2. Restore Fails with "Permission Denied"

Symptom: A RestoreReport shows a failed restore step. Controller logs contain forbidden or permission denied errors referencing a Kubernetes API resource.

Cause: The Kymaros ClusterRole is missing a required permission.

Diagnosis:

kubectl describe clusterrole kymaros-controller-role
kubectl auth can-i create pods/exec --as=system:serviceaccount:kymaros-system:kymaros-controller -n <sandbox-namespace>

Fix: Verify that the ClusterRole grants all required permissions. The complete permission set is:

API GroupResourcesVerbs
(core)namespacescreate, delete, get, list, watch
(core)podsget, list, watch
(core)pods/execcreate
(core)configmaps, secrets, services, persistentvolumeclaimsget, list, watch
(core)limitranges, resourcequotascreate, delete
appsdeployments, statefulsetsget, list, update, watch
networking.k8s.ionetworkpoliciescreate, delete
restore.kymaros.io** (full CRUD + status + finalizers)
velero.iobackups, schedulesget, list, watch
velero.iorestorescreate, delete, get, list, watch

If you deployed via Helm, re-apply the chart to restore the ClusterRole:

helm upgrade kymaros kymaros/kymaros -n kymaros-system --reuse-values

3. Sandbox Namespace Not Cleaned Up

Symptom: After a test completes (or fails), the sandbox namespace (prefix rp-test- or the configured namespacePrefix) remains. Repeated runs accumulate stale namespaces.

Cause: Either the controller crashed before cleanup, or the finalizer kymaros.io/sandbox-cleanup is preventing deletion.

Diagnosis:

# List sandbox namespaces
kubectl get namespace | grep -E 'rp-test|<your-prefix>'

# Check finalizers on the namespace
kubectl get namespace <sandbox-ns> -o jsonpath='{.metadata.finalizers}'

Fix: The TTL failsafe runs independently of the main reconcile loop. If a sandbox persists beyond its TTL (sandbox.ttl), the failsafe will delete it. If the namespace is stuck with a finalizer:

# Remove the finalizer manually (use only after confirming the sandbox is truly orphaned)
kubectl patch namespace <sandbox-ns> \
-p '{"metadata":{"finalizers":[]}}' \
--type=merge

After removing the finalizer, the namespace deletion will proceed. Investigate controller logs to understand why the cleanup did not fire normally.


4. Score Is 0

Symptom: A RestoreReport shows score: 0.

Cause: A score of 0 indicates the restore itself failed at Level 1 (restore integrity). The Velero restore operation did not complete successfully. No further validation steps were executed.

Diagnosis:

# Get the RestoreReport
kubectl describe restorereport <name> -n kymaros-system

# Check the Velero restore object created by Kymaros
kubectl get restore -n velero | grep kymaros

# Inspect the Velero restore
kubectl describe restore <velero-restore-name> -n velero

Fix: The issue is in the Velero restore, not in Kymaros. Common causes include missing backup storage location credentials, a corrupted backup, or a namespace conflict. Resolve the underlying Velero restore failure, then re-trigger the RestoreTest.


5. Health Check Timeout

Symptom: A RestoreReport shows health checks timing out. Pods are running in the sandbox but HTTP probes or exec probes return no response.

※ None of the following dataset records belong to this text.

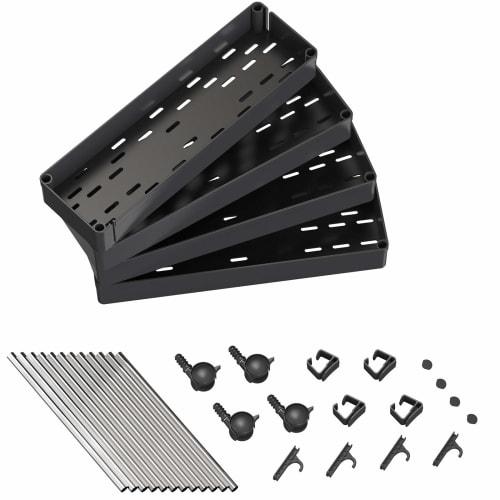 SPACEKEEPER Kitchen Cart, Slim, 13cm Wide, Gap Storage, Storage Rack with Casters, Rolling Rack, Stylish Storage Cart for Condiments, Food, Bottles, a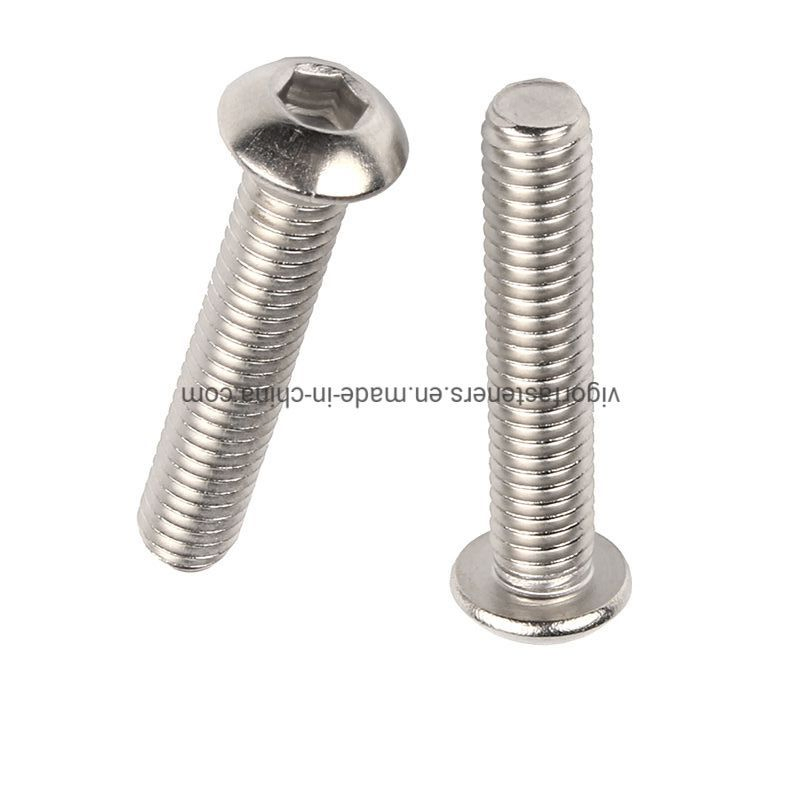 ISO 7380 Hex Nails Socket Button Cap Screw with Stainless Steel A2/A4 for Machine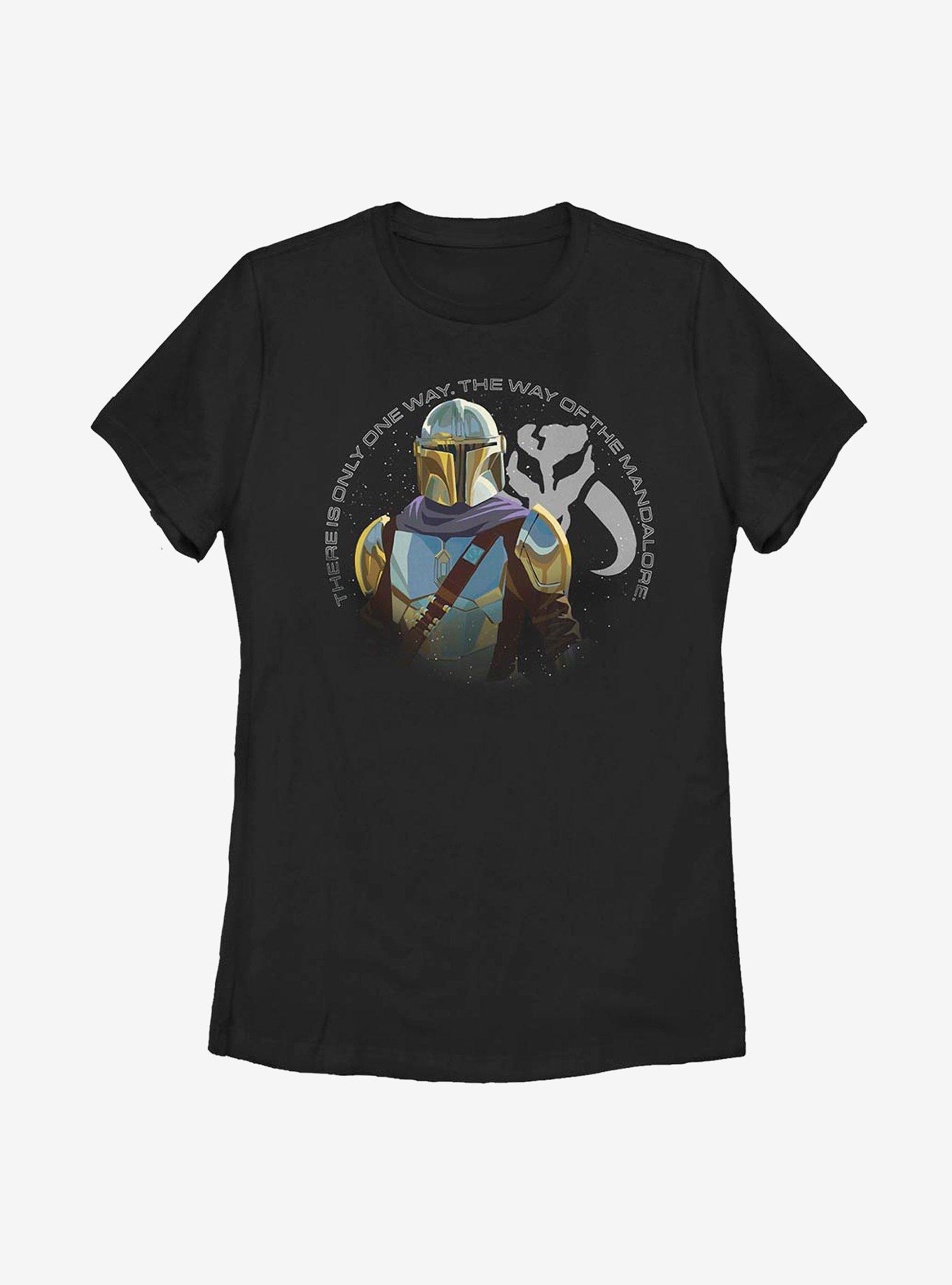 Star Wars The Mandalorian The Mandalore Way Womens T-Shirt, BLACK, hi-res view 1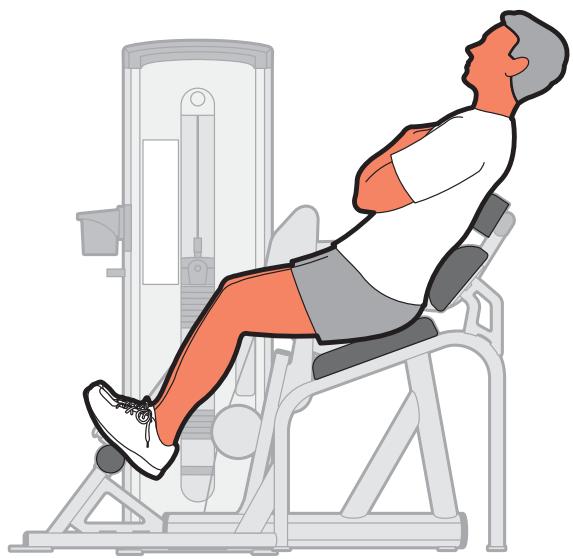 CYBEX INTERNATIONAL 13100 BACK EXTENSION - Instructions - 3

Cause (expected behavior in strict mode): When sandbox.networkIsolation: strict, a NetworkPolicy with a default-deny-all rule is applied to the sandbox namespace. HTTP health checks that probe endpoints outside the sandbox will time out by design. Only intra-sandbox traffic is permitted.

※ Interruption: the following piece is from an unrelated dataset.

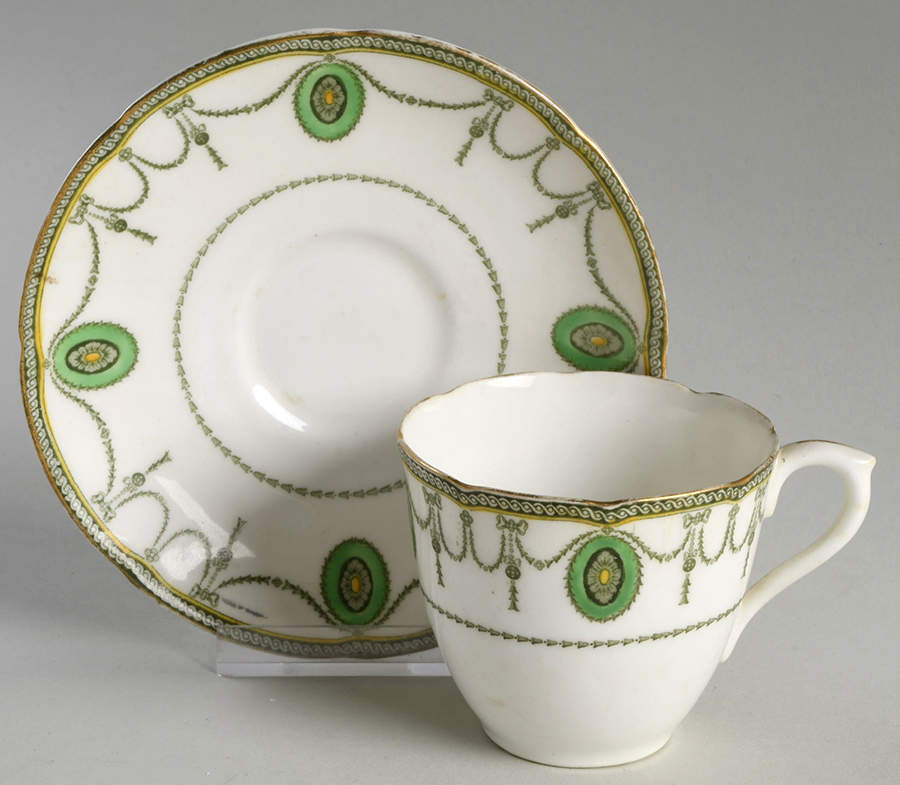 Countess Green Flat Cup & Saucer Set by Royal Doulton-1
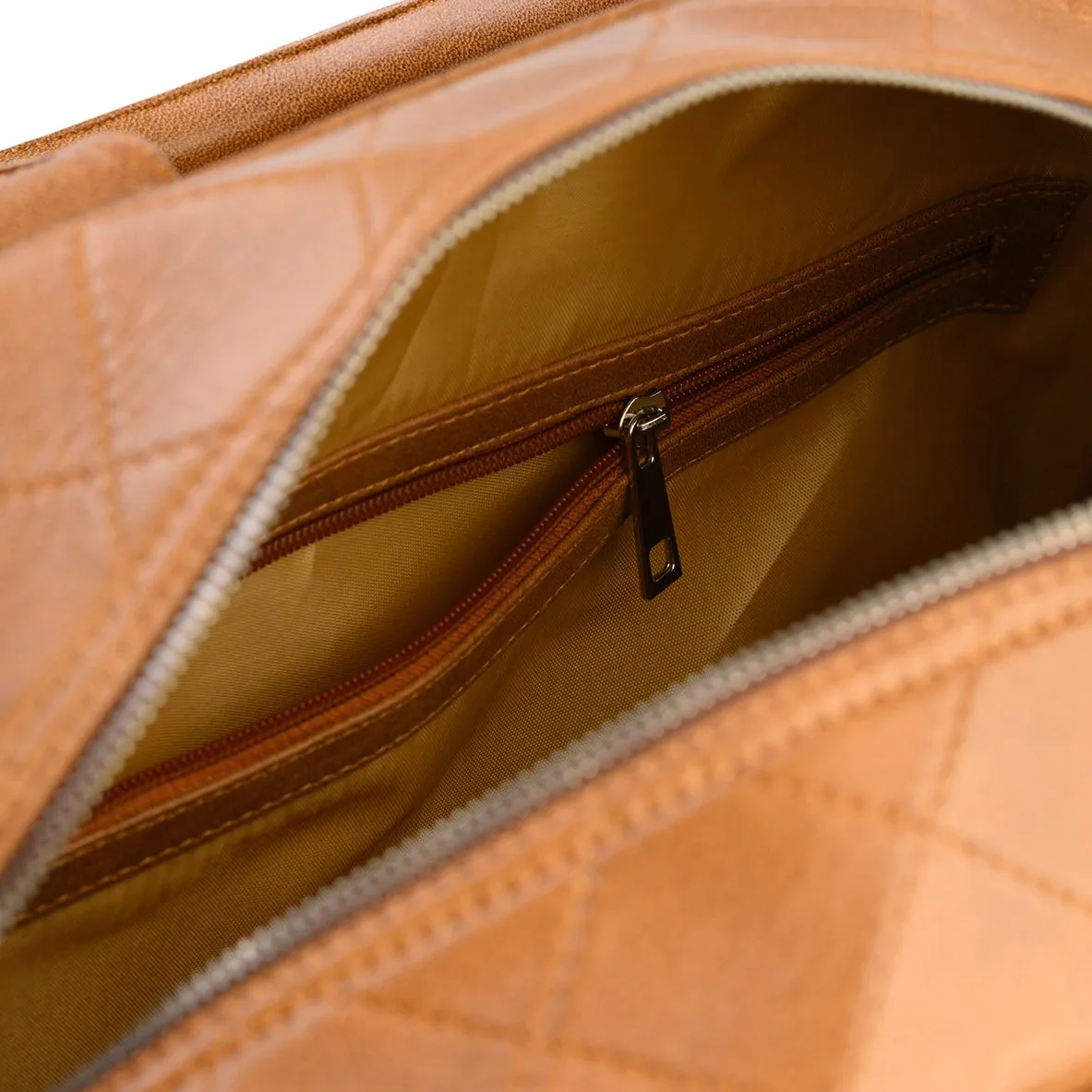 Diaper Bag Tan Leather - Image 4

Fix (strict mode): Adjust your HealthCheckPolicy to probe only intra-sandbox endpoints. If you need egress to external dependencies (for example, a shared database), either switch to networkIsolation: permissive for that test or add a specific egress rule in your HealthCheckPolicy.

Cause (misconfiguration): The health check timeout is too short for the sandbox pod startup time. The sandbox environment is cold — images must be pulled, volumes attached, and the application must initialize from scratch.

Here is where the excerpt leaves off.